The excellent strength of alloys A1 and A2 showed lower total elongations, e.g., ~6 pct at room temperature and ~20 pct at temperatures below 923.15 K (650.15 °C). The low ductility may limit the applications of the alloys at relatively low temperatures under tensile condition. However, they may be applicable to compression condition as suggested by the Fe-10Cr-10Zr alloy with a reported plastic strain of ~17 pct under compression testing at room temperature.[11]

5 Conclusions

Three Fe-Cr-Zr alloys were designed to favor the formation of fine eutectic structure containing Laves phase. Two alloys, Fe81.5Cr9Zr9.5 (A1) and Fe77Cr14Zr9 (A2), were about right on the eutectic point with trace amounts of Laves phase as primary phase. The other alloy, Fe86Cr9Zr5 (A3), was away from the eutectic point with about 50 pct of bcc as primary phase. Microstructural characterization using optical microscopy, SEM/EDS, and XRD confirmed the phase components and compositions that are consistent with the thermodynamic calculations. The Laves phase was identified as C14- and C36-types, presented as fine and blocky particles, respectively.

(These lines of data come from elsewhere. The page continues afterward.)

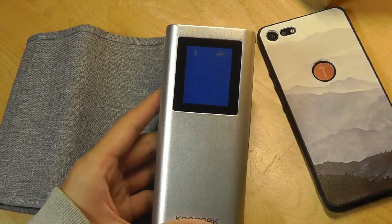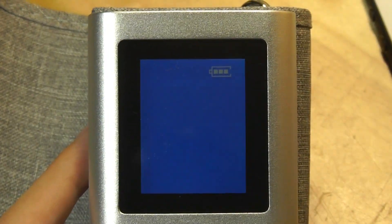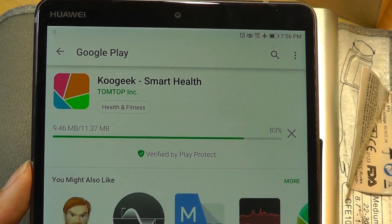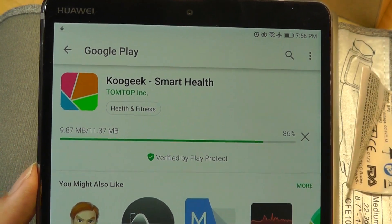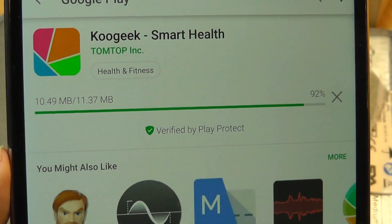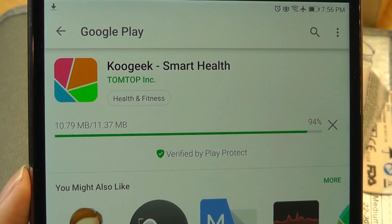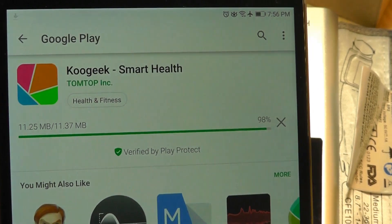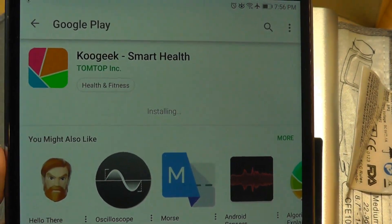Tapping on the switch once brings it to life, and by default it's trying to connect using Bluetooth to our phone first. The app, which is called Smart Health, can be found on the Play Store. Interestingly, it's actually made by TomTop, which is another online seller similar to GearBest, so this seems to be their own line of products — which is interesting because I found this one on Amazon.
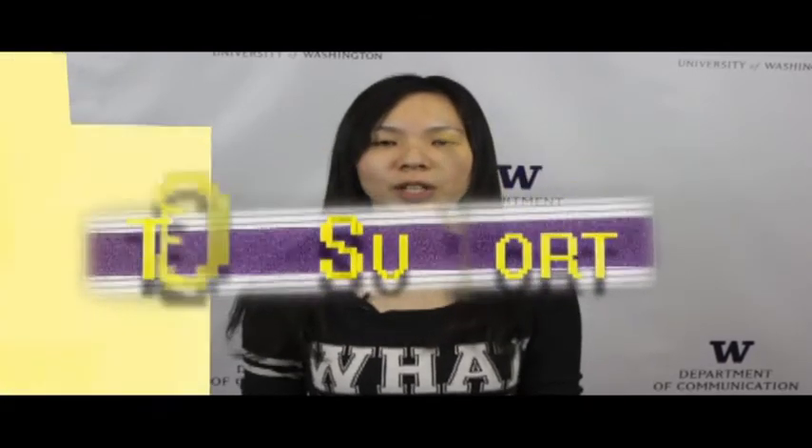Congratulations, now you know how to use a Zoom recorder and microphones. This is Tech Support with Katie.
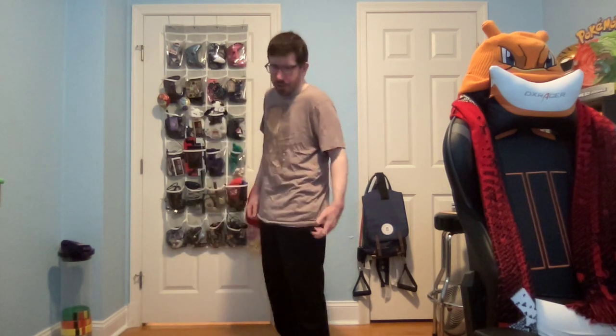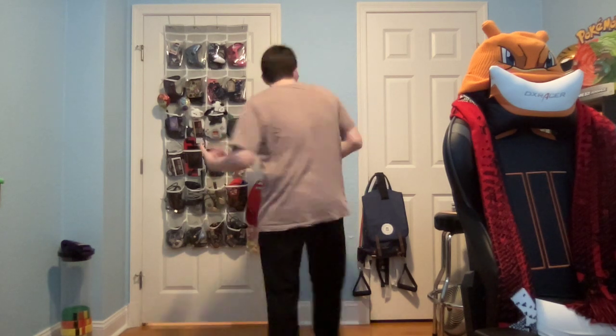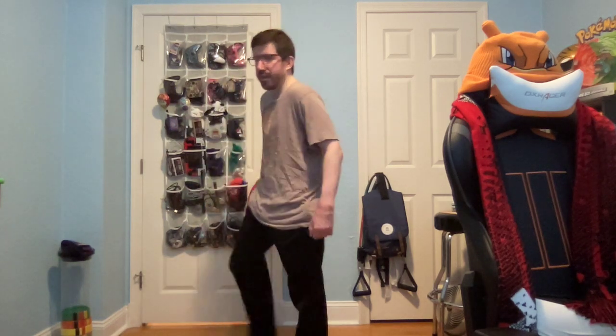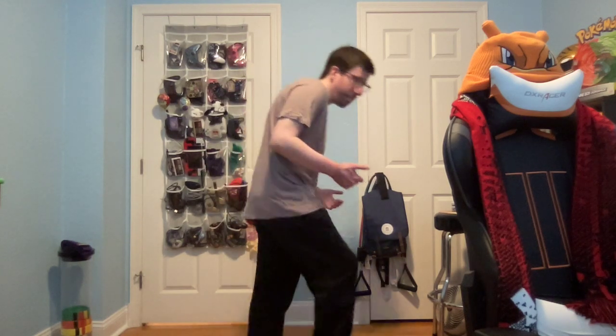For Taekwondo, there's a lot of spinning kicks. I remember the spinning hook kick — I used to just do this because I couldn't really bring my leg up much when I first did it, and I would lose my balance a lot. I almost fell over a lot.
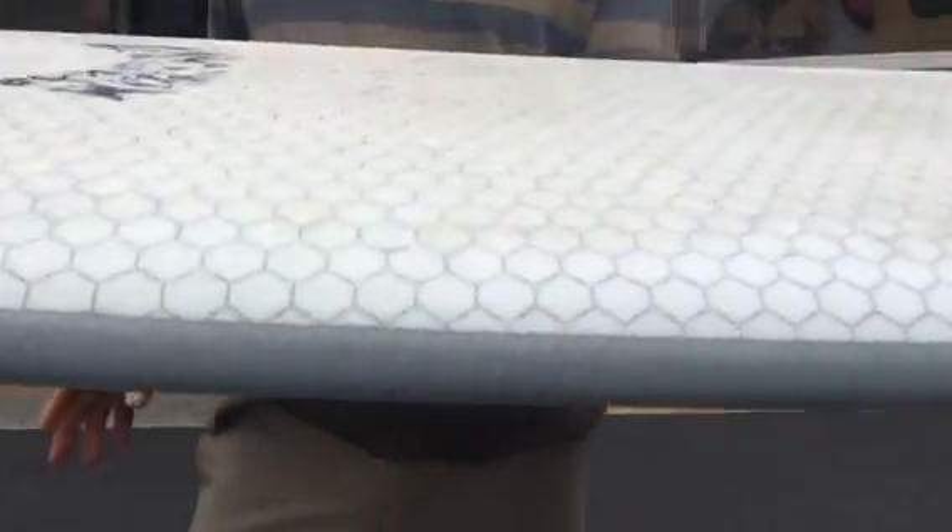Amazing board, made out of this crazy new technology — you have to go to their website to understand it. Super durable, under $700, and they last forever. This is a really good template.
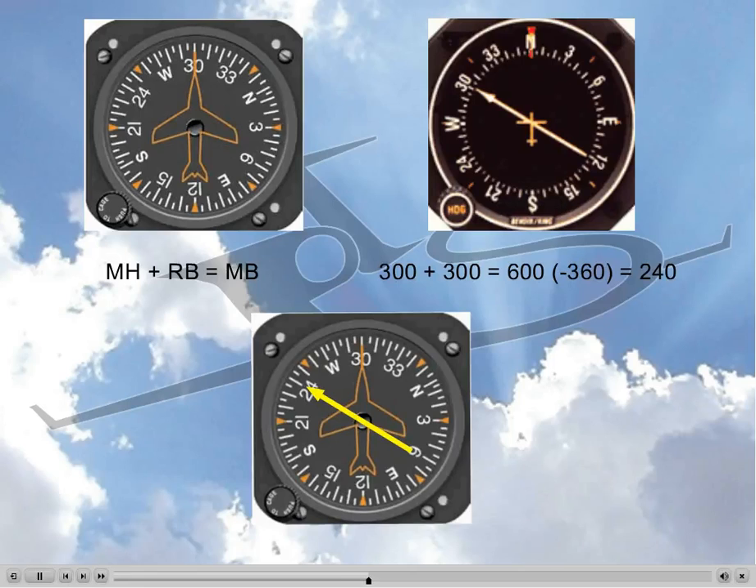Now we just read the number the needle points to in the heading indicator. As you can see, the head points to 240 — the same number we found using the formula. And if the question had asked the magnetic bearing from the station, then we would just read the tail of the needle: 060. For this question, the answer is fairly simple with either method.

Samples of the alloys were subjected to Vickers hardness measurements at room temperature, tensile testing at temperatures up to 973.15 K (700.15 °C), and creep testing at 873.15 K (600.15 °C) with 260 MPa load. Alloy A2 exhibited slightly higher hardness and strength than A1, but noticeably higher than A3. The strength of alloys A1 and A2 was significantly superior to P92 at the tested temperatures. However, their ductility was noticeably lower, especially at lower temperatures. Despite the low tensile ductility, alloys A1 and A2 showed remarkably high ductility, together with great creep life, during the creep testing. The results suggest that alloys A1 and A2 are capable of being used at high temperatures, e.g., ~873.15 K (600.15 °C) and above. Alloy A3 had inferior tensile performance but comparable creep resistance to P92. Thermal aging at 1023.15 K (750.15 °C) for 1800 hours did not significantly alter the microstructures but decreased the strength of alloys A1 and A2 with increases in ductility at room temperature, which were in contrary to those at elevated temperatures. Fractography analysis indicated primarily ductile fracture of the samples. Some isolated cleavage-type brittle fracture occurred at blocky Laves primary phase in alloys A1 and A2. The 5 at. pct Cr increase in alloy A2 did not introduce significant changes compared to A1. In contrast, the 4.5 at. pct Zr decrease in alloy A3 resulted in significant reduction in Laves phase and increase in coarse bcc primary phase, leading to remarkably lower strength and creep resistance. The results indicate that appropriate composition adjustment would yield a desired strength and ductility combination.